» Task statement
Omit all pictures. Quote the lines from the one with "Hey guys, Dan" through the end of the listing below, exactly as they appear.

» Supplied records
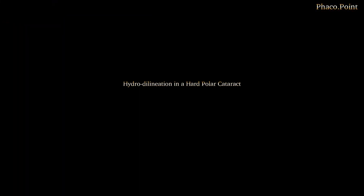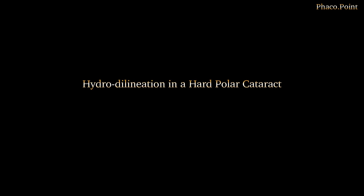Now let's move to seeing how you perform a hydrodelineation with care and caution in a patient with a cataract which is significantly more dense. Let's now move to watching the hydrodelineation in a dense polar cataract.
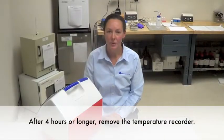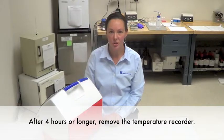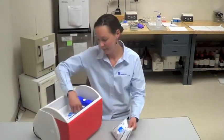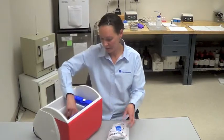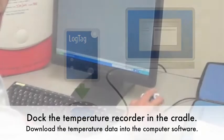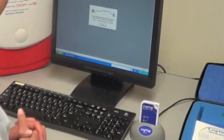At the end of four hours, or whatever time you determined to perform the validation procedure, you'll remove the temperature recorder. Take out your cold packs, your simulated blood, and then you'll dock the temperature recorder in the cradle to download the temperature information onto the computer.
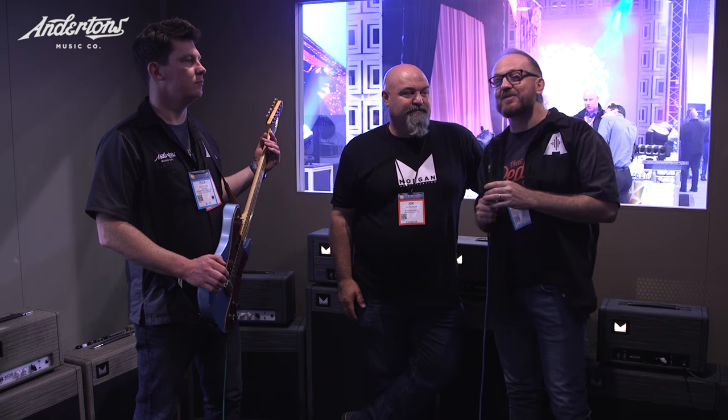Hey guys, Dan and Mick here from That Pedal Show, here for Anderson's TV at NAMM 2017. We are here with the amazing Mr. Joe Morgan from Morgan Amplifiers. How are you sir?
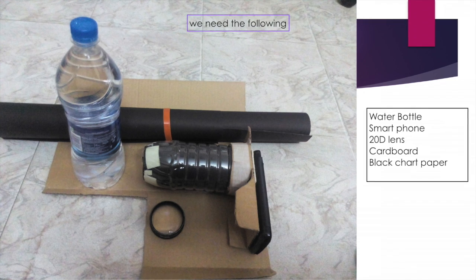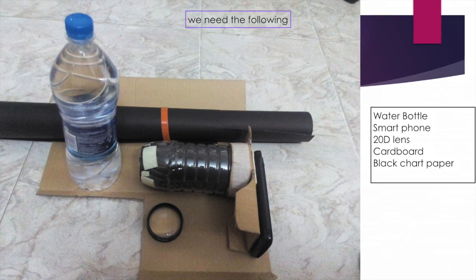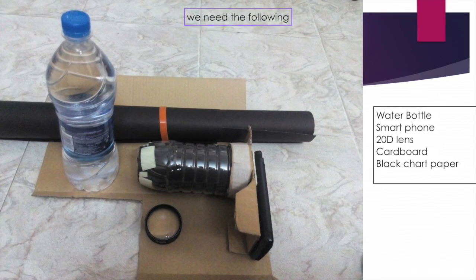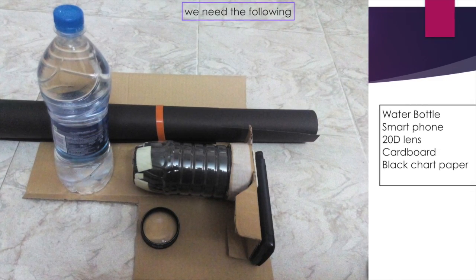All you need is a water bottle, your smartphone, a 20D lens, some cardboard, a black chart paper — and that's how the assembly unit looks.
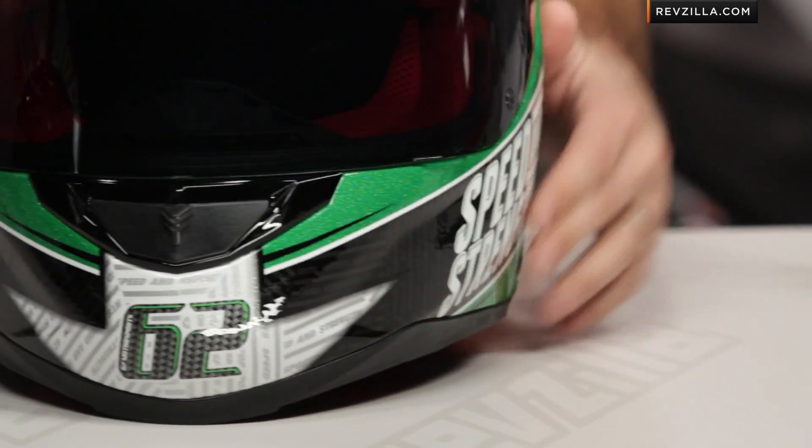All in, I like it. I think it's a solid graphic from Speed and Strength, and I think it's going to match up well with the rest of their collection. Especially for you Ricky fans out there — the green is the one that really, really sets it off.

» Finished exercise
Hey guys, Dan and Mick here from That Pedal Show, here for Anderson's TV at NAMM 2017. We are here with the amazing Mr. Joe Morgan from Morgan Amplifiers. How are you sir?
All you need is a water bottle, your smartphone, a 20D lens, some cardboard, a black chart paper — and that's how the assembly unit looks.
All in, I like it. I think it's a solid graphic from Speed and Strength, and I think it's going to match up well with the rest of their collection. Especially for you Ricky fans out there — the green is the one that really, really sets it off.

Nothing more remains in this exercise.